Over the past year I have taken a professional leap into a new industry and challenged myself by returning to postgraduate study at ANU. These two big changes have dovetailed nicely with each other and I have been able to apply my learning in environmental science into my work in catchment management.
For the core part of my studies I undertook a research project to explore Futures Thinking in water governance. I interviewed futures and foresight practitioners and explored how their skills and experience, melded with research into futures literacy, creative learning and the arts, may be applied to the water governance sector. Following on from this I have been working with the Institute for Water Futures on a pilot futures thinking workshop series for those in the sector.
My passion for immersive and thought-provoking experiences has continued and I have brought this into my work and study. I can see ways that the environmental governance space can benefit from the creative, engagement and storytelling skills of the arts and culture industries.
Some aspects of futures thinking, particularly experiential futures experiences, are not dissimilar to the cultural history learning experiences I have been engaged in for many years. Challenging perceptions, considering multiple viewpoints, exposing assumptions and unpacking power influences are common to both. I was delighted to have the opportunity to develop an immersive role-play futures thinking experience for our pilot workshop participants.
Not so long ago I was role-playing the 1850s, but now I get to role-play the 2040s.
The Council of the Living River was the activity I designed. Inspired by the experiential futures work of people like Stuart Candy, Superflux and the ‘prehersal’ concept of Kuzmanovic and Gaffney (2016) I created a future scenario for the participants to play in. It was not meant to be a preferred future, but one that challenged them to consider a scenario different from the ones that had co-developed. A scenario where external (in this case legislative) factors had changed their imagined future working environment.
For the activity the participants were given the mock Living River Act of 2039, which ceded state control of the water basin to a newly established council to represent the interests of all living things. This scenario was developed with inspiration from the Wanganui River being given legal personhood in 2017 and the speculative research of the Parliament of Things.
The workshop participants became Members of the Council, which included representatives for a range of terrestrial and aquatic living things and even AI. We then role-played a short council meeting where they debated the issues and interests of the various Members.

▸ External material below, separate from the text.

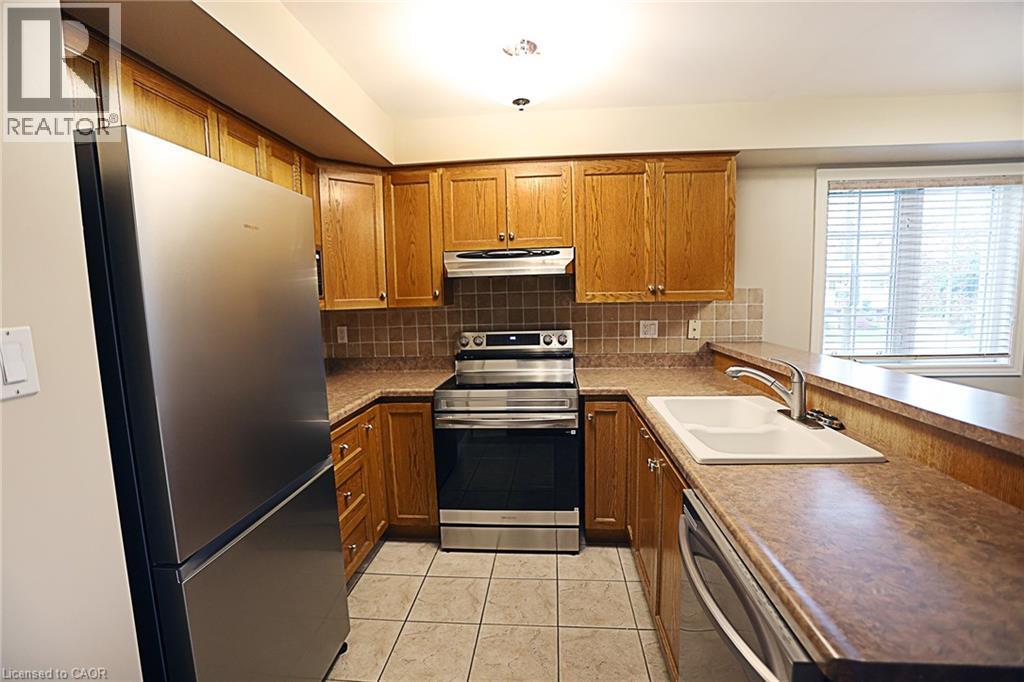 2 HARBOUR Drive Unit# 9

The experience provided the opportunity to inhabit uncertainty. To consider the unknowability of the future, the subjective human experience and the possibilities available when plausibility is suspended. It was designed to allow an exploration of the impact of our reactions – emotionally, physically and mentally.
Although we were time limited and weren’t able to spend long in role, it did inspire a rich reflective conversation. I look forward to developing the concept further and running a longer session.